Sur le Plateau, les avenues affichent les valeurs républicaines : Boulevard de la république, de la liberté (aujourd'hui Jean Jaurès, Jean XXIII et Pasteur), rue Jules Ferry, ou les noms des anciens gouverneurs, rues Brière de l'Isle, Borgnis-Desbordes, William Ponty (aujourd'hui Georges Pompidou). Les rues célèbrent aussi les grands écrivains, rue Victor Hugo, Emile Zola.

Les avenues et rues des nouveaux quartiers rendent hommage aux grands hommes du Sénégal : avenues El Hadj Malick Sy, Lamine Gueye, Blaise Diagne, Wagane Diouf, Emile Badiane... à l'homme du 18 juin et de la décolonisation, boulevard du général de Gaulle.

Au coeur de la ville, certains sites ont changé de nom, la place Protet est devenue la place de l'Indépendance, l'avenue Roume, l'avenue Léopold Sédar Senghor, l'avenue Courbet et la place Tascher ont été rebaptisées Avenue Nelson Mandela et place Soweto.

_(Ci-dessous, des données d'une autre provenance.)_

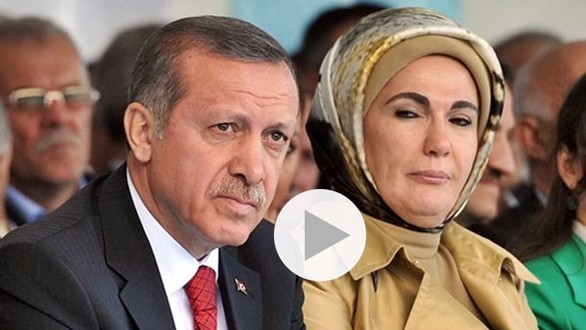 Turchia, Erdogan si riprende la scena: “Pena di morte se il popolo vuole”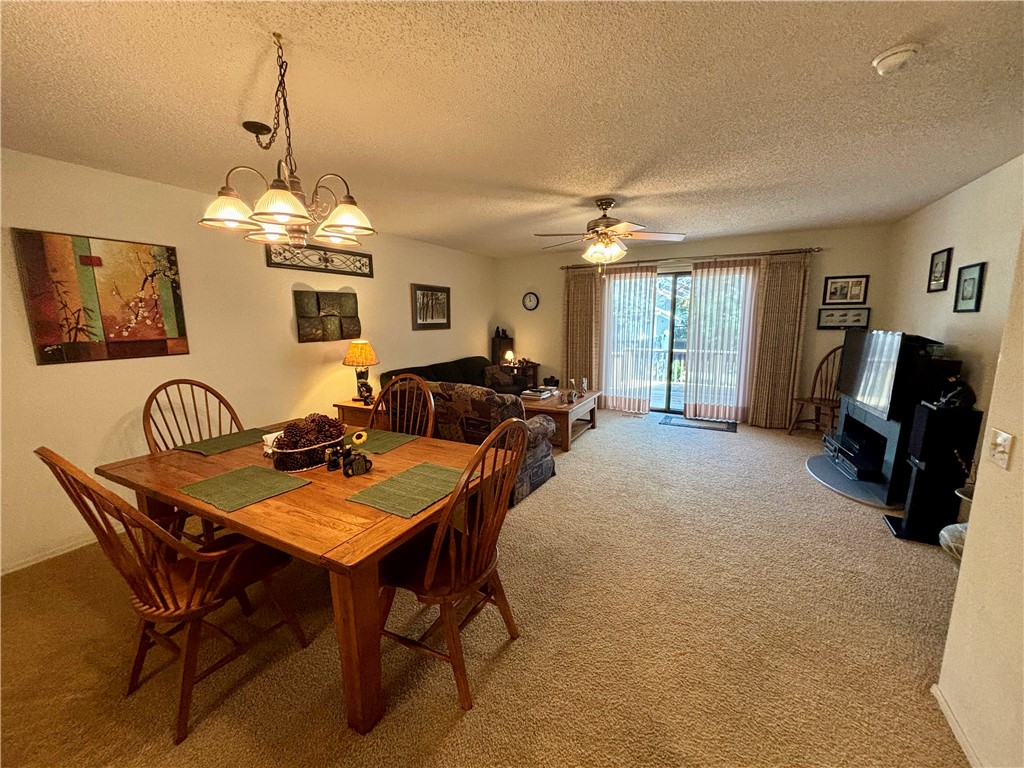 Melanie Courts Bvv - Residential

Ouverte sur l'extérieur, la ville rend aussi hommage aux Libanais, rues Ramez Bourgi, El Hadj Abdoukarim Bourgi, aux Marocains, rue Mohammed V, aux Tunisiens, avenue Bourguiba, aux Guyanais, rue Félix Eboué... aux U.S.A., avenue du président Franklin Roosevelt.

Les "vieux quartiers"
En 1857, les Français s'installèrent d'abord autour du port, en contrebas du Plateau. Un premier plan cadastral est établi par le gouverneur Pinet-Laprade qui meurt du choléra en 1869, puis le plateau, plus aéré, plus salubre, est occupé avec tout un réseau de rues en damier. Les villageois lébou, propriétaires du sol sont refoulés plus au nord vers les terrains bas et mal drainés de l'actuelle médina. Ainsi se met en place une ségrégation urbaine de fait, sinon de droit, consolidée par l'installation des boutiques syro-libanaises dans l'espace intermédiaire entre les "vieux quartiers" et la Médina.

Premier quartier résidentiel, le Plateau, présente un cadre de vie de qualité avec de belles villas blanches aux toits de tuiles rouges enfouies sous les bougainvillées et les flamboyants, de larges avenues bordées de caïlcédrats.

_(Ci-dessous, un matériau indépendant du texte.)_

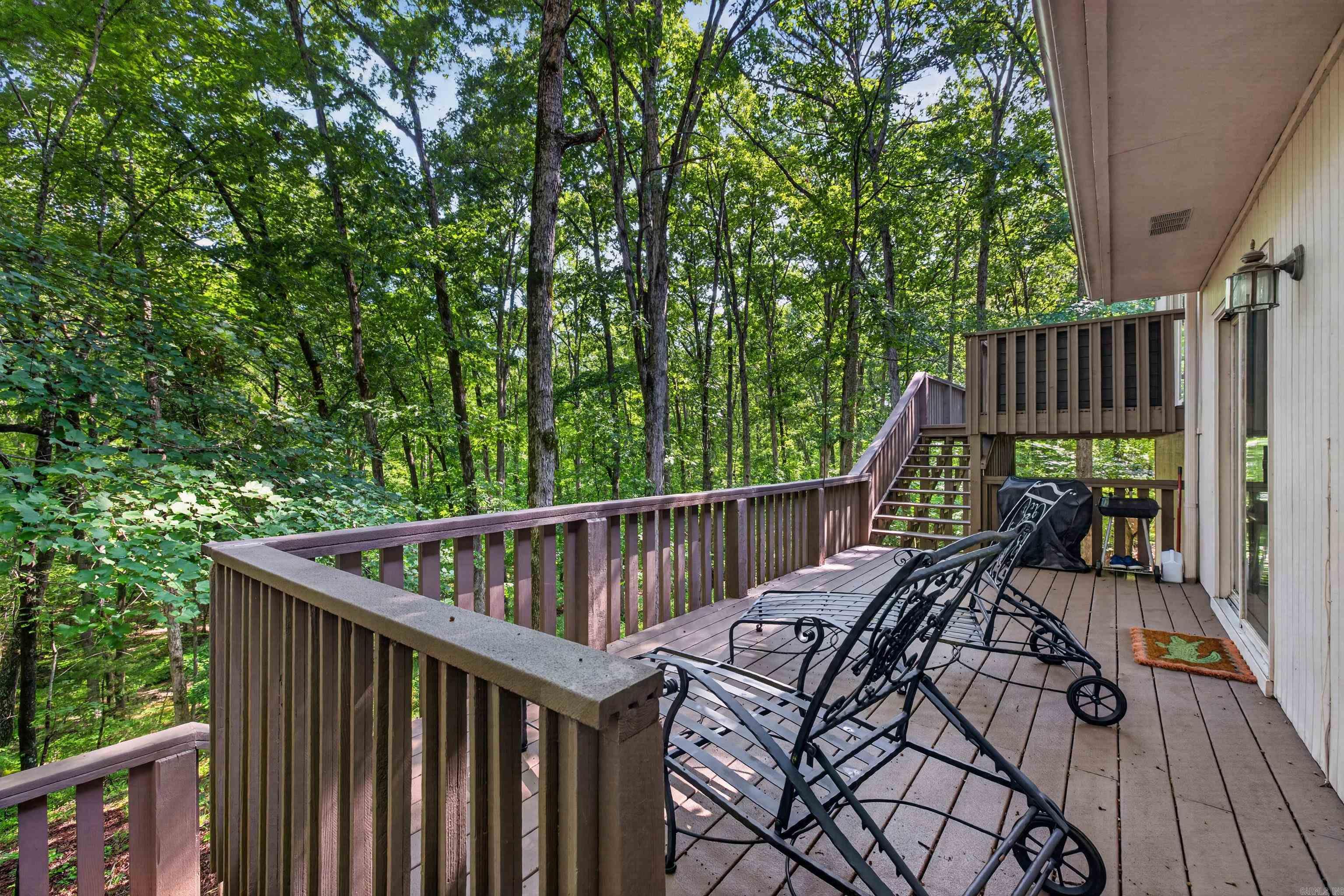 63 Emanuel Circle Property Photo 33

C'est aussi au coeur de l'ancienne ville coloniale que se concentrent les centres de décisions politiques, administratifs, commerciaux, bancaires, culturels. C'est là que se trouvent les grands buildings.

Les quartiers de Médina
Mis en place dès la première guerre mondiale, la zone urbanisée de la Médina, avec plan en damier, rues rectilignes numérotées, se coupant à angle droit (depuis l'indépendance les rues ont été baptisées mais les numéros subsistent) présente aujourd'hui un habitat et des populations très diversifiées : l'immeuble moderne, la villa cossue côtoient la baraque faite de matériaux de récupération.

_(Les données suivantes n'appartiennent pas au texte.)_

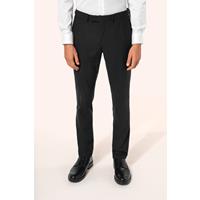 Pantalón de traje hombre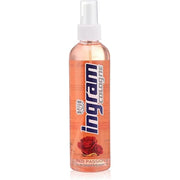 Ingram Cologne 250ml Red Passion
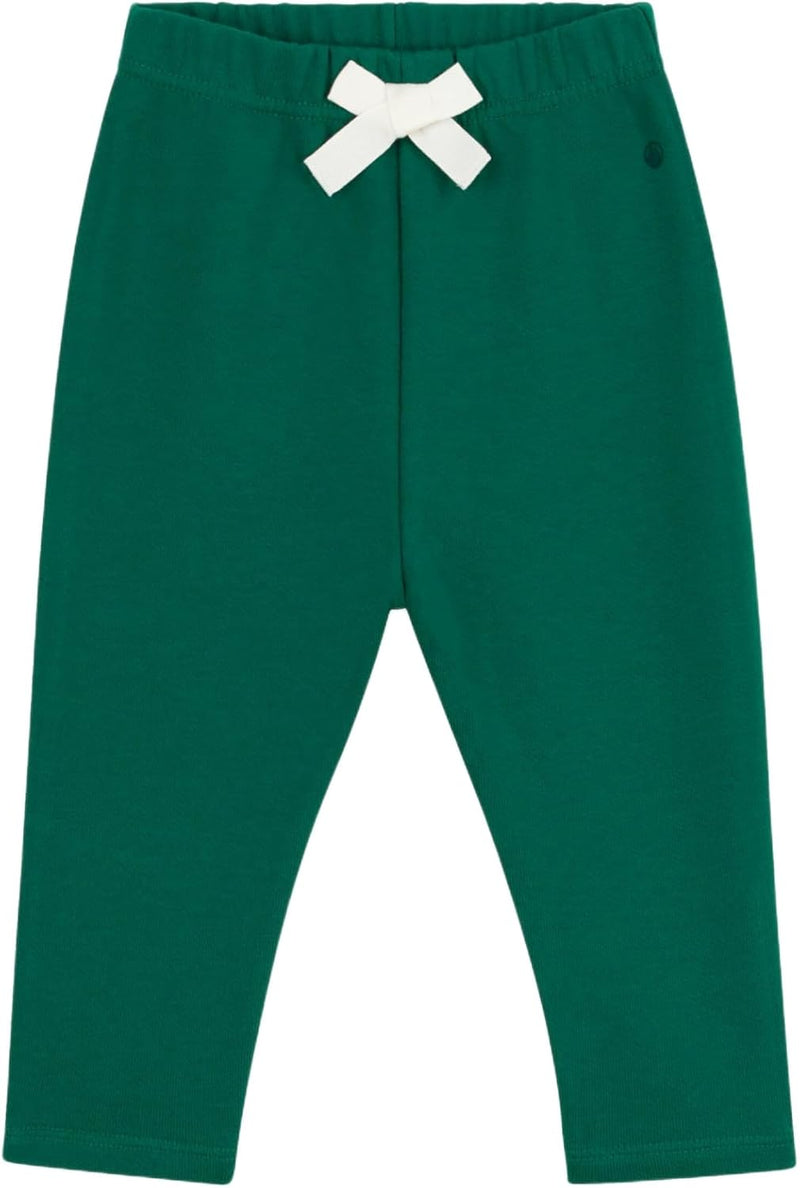 Unisex Baby Cerf_h25 Classic - green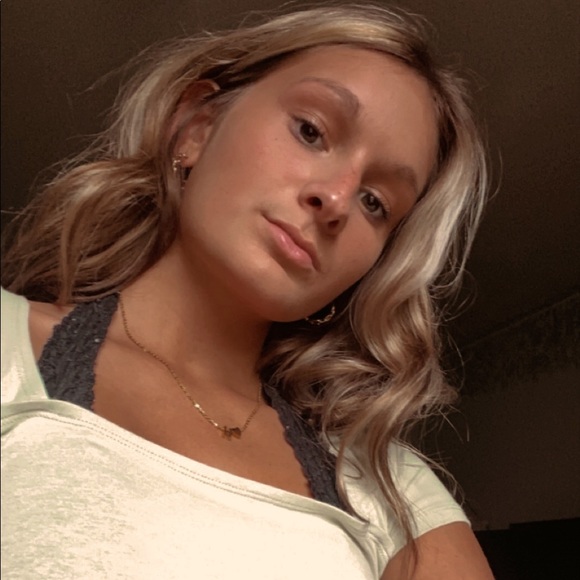 Meet your Posher, Sadie - Picture 1 of 1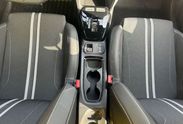 Opel Corsa Yes  1.2 T mHEV eDCT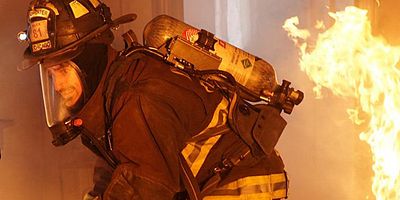 Poster der Serie Revierkämpfe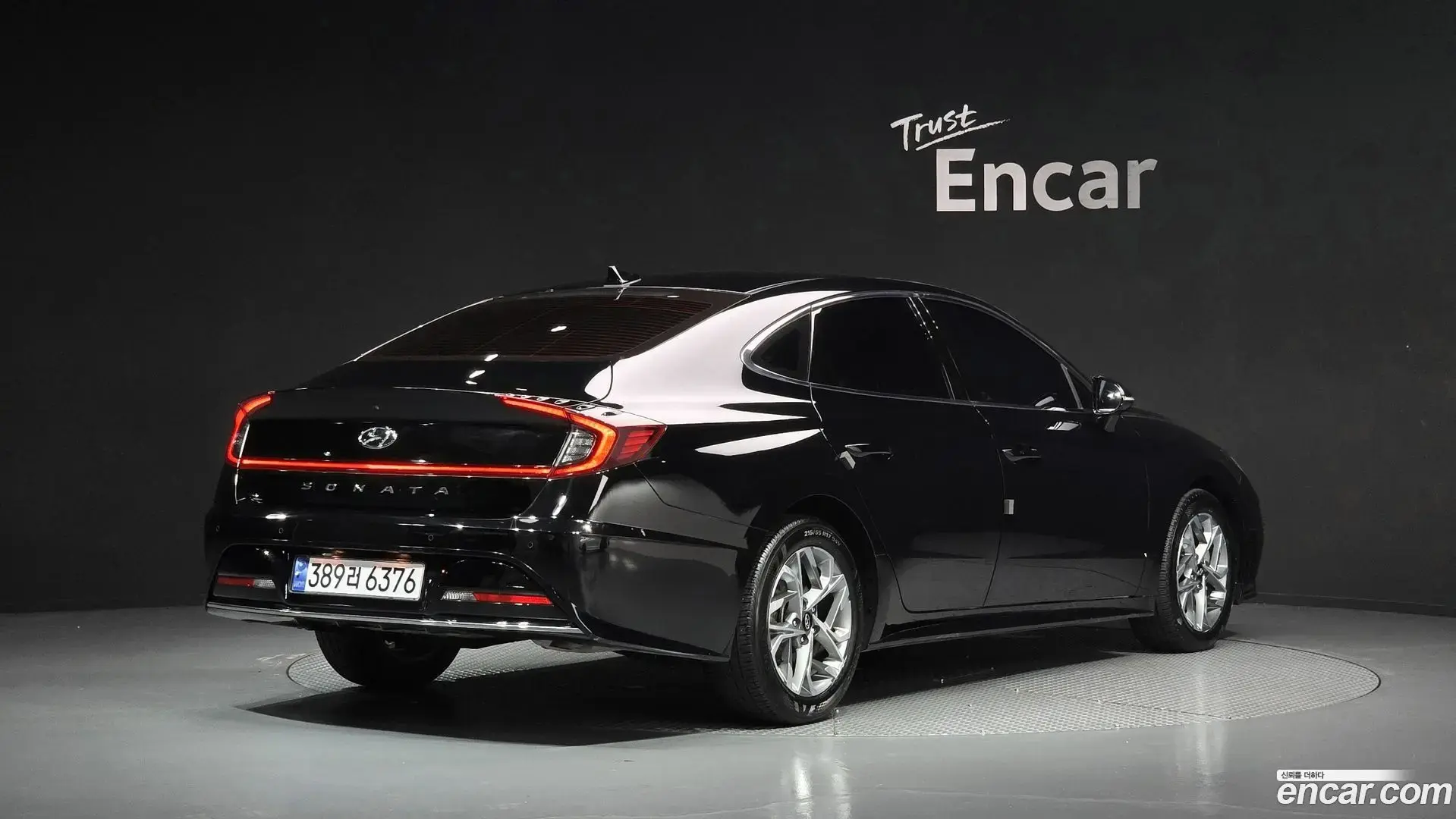 Main__Slider__Photo:Sonata Hyundai 2022.9-1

Cette disparité traduit des milieux sociaux très divers, du cadre à l'ouvrier chômeur en passant par les employés, artisans, pêcheurs, jardiniers... Diversité aussi des migrants qui se regroupent par affinité, suivant leurs origines, les Diola à Fass, les Sérère à Usine Niari-Tali...

La densification de la médina entraîne des problèmes d'hygiène avec la saturation des réseaux en place : évacuation des ordures, des eaux usées... Les mêmes problèmes se rencontrent dans tous les quartiers : Tilène, Grand-Dakar, la Gueule-Tapée.